Caption-style text data:
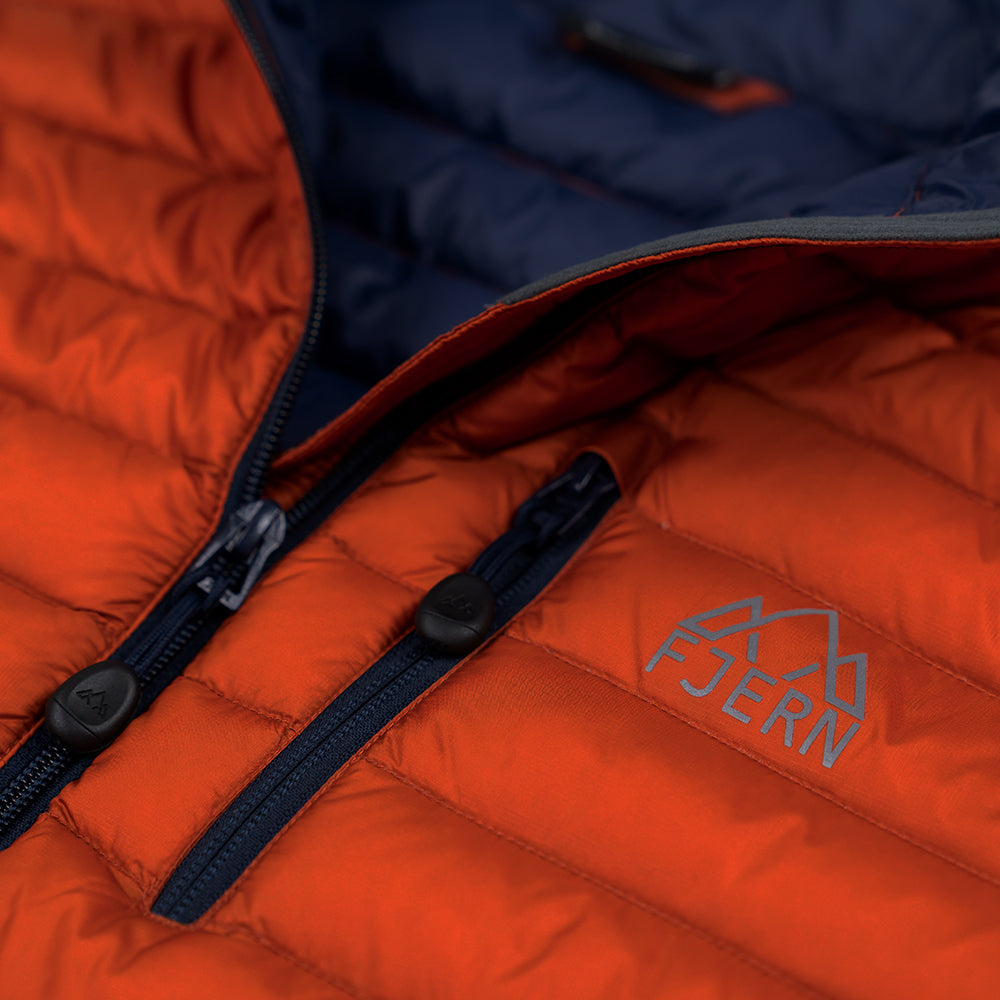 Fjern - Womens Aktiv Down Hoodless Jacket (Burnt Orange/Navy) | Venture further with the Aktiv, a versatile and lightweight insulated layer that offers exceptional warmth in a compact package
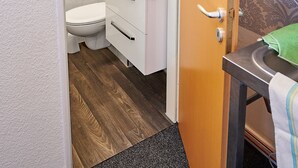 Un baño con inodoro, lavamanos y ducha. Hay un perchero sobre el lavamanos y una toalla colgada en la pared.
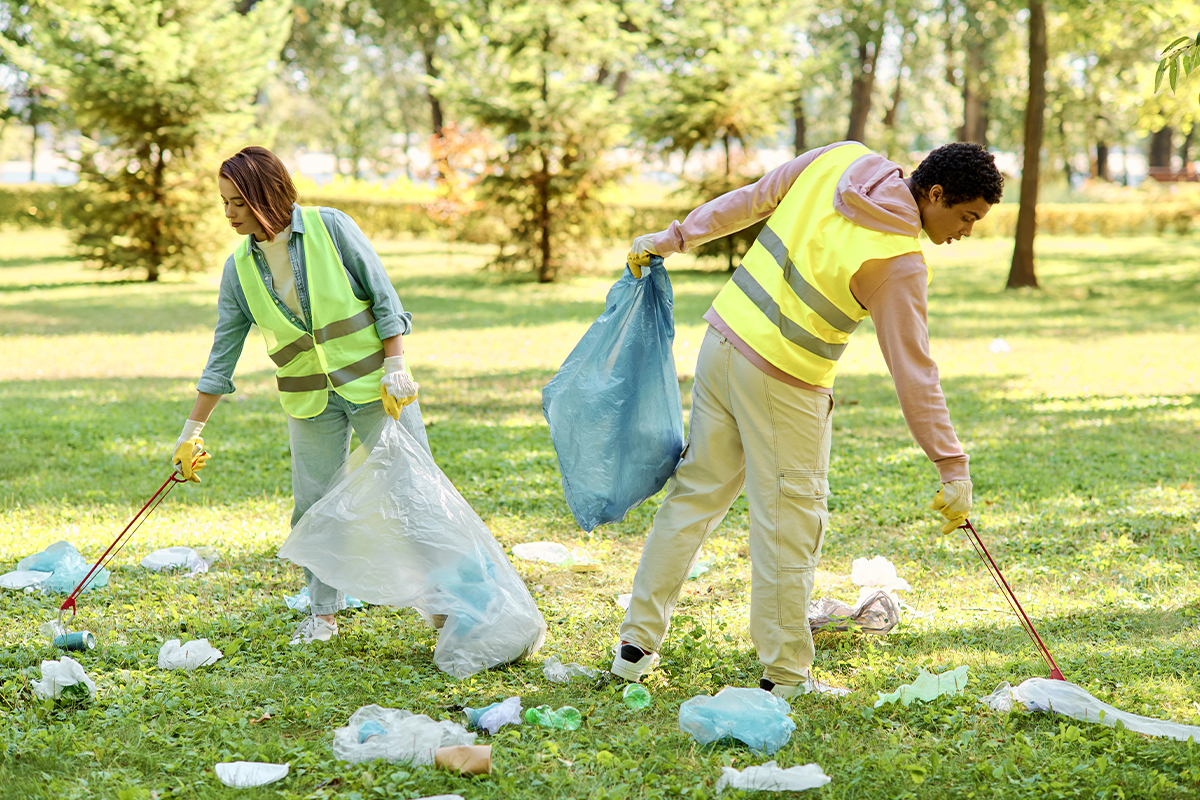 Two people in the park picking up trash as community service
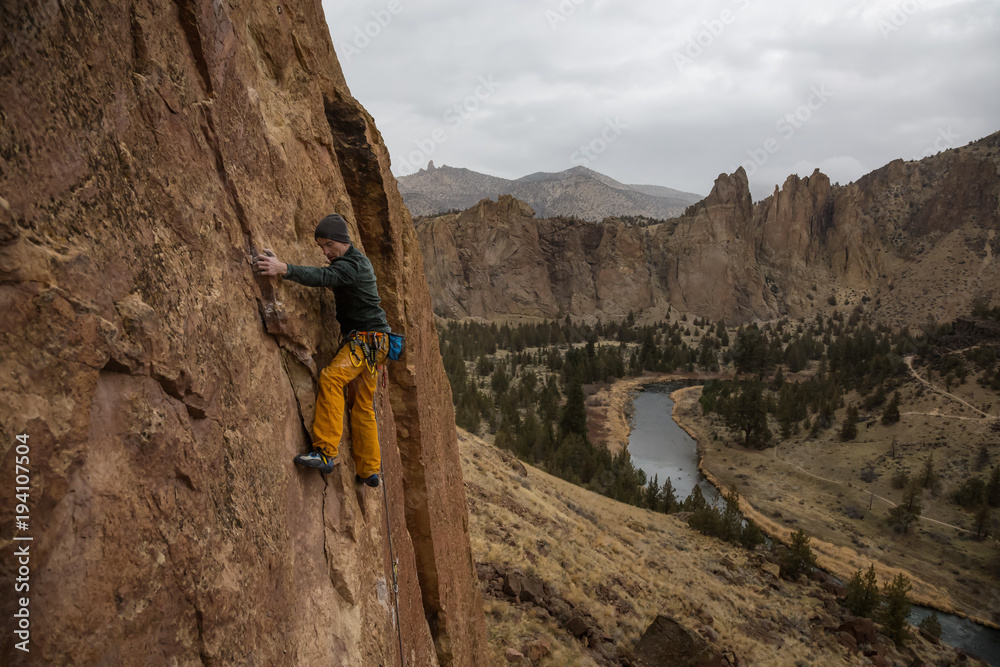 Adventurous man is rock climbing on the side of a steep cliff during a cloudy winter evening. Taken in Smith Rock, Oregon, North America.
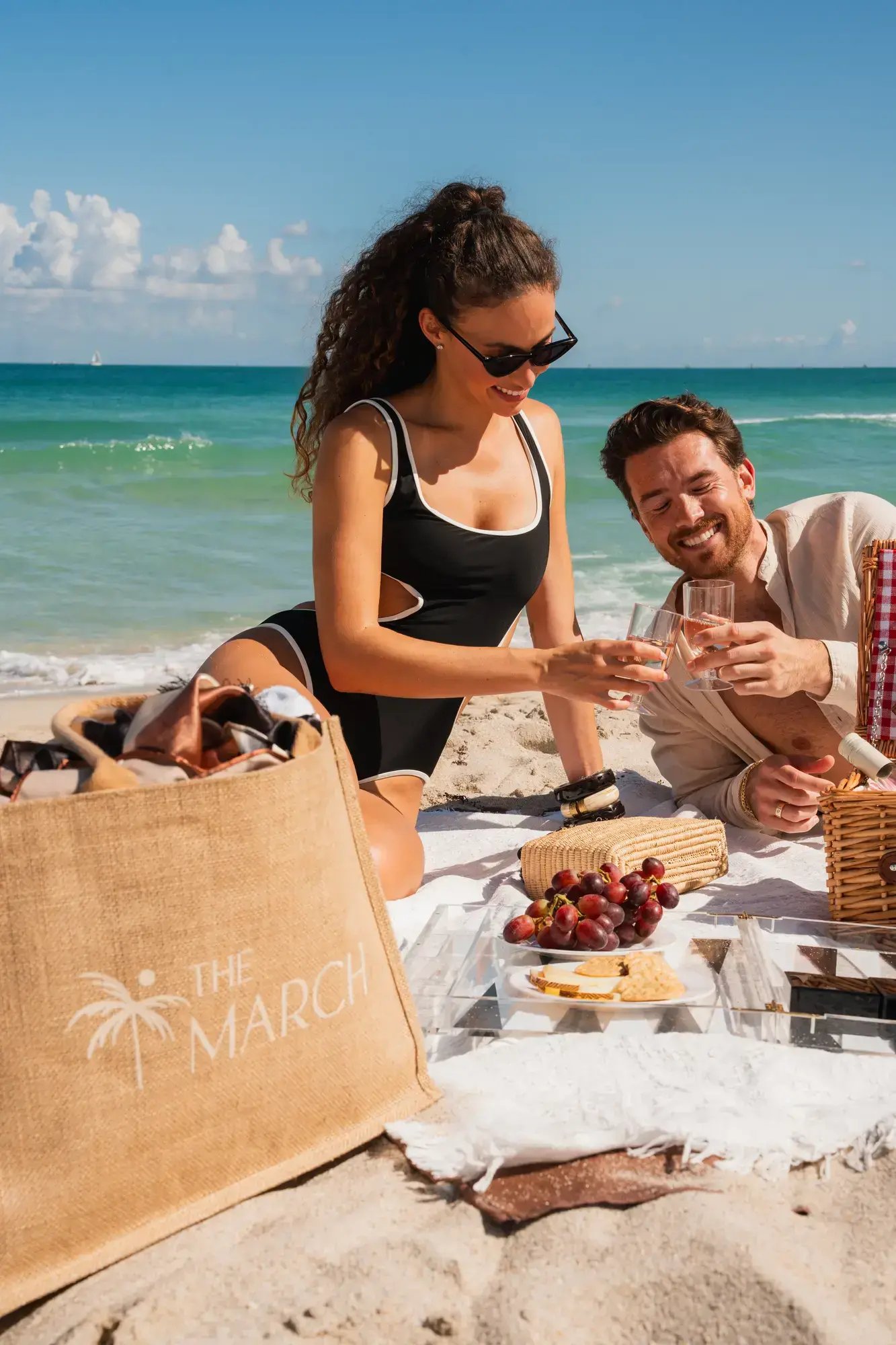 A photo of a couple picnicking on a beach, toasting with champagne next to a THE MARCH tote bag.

**What to produce**.
A word-for-word repeat is expected of the lines from the one with "Un baño con" to the end of the data, both included; pictures are not part of it.

**Answer area**.
 Un baño con inodoro, lavamanos y ducha. Hay un perchero sobre el lavamanos y una toalla colgada en la pared.
 Two people in the park picking up trash as community service
 Adventurous man is rock climbing on the side of a steep cliff during a cloudy winter evening. Taken in Smith Rock, Oregon, North America.
 A photo of a couple picnicking on a beach, toasting with champagne next to a THE MARCH tote bag.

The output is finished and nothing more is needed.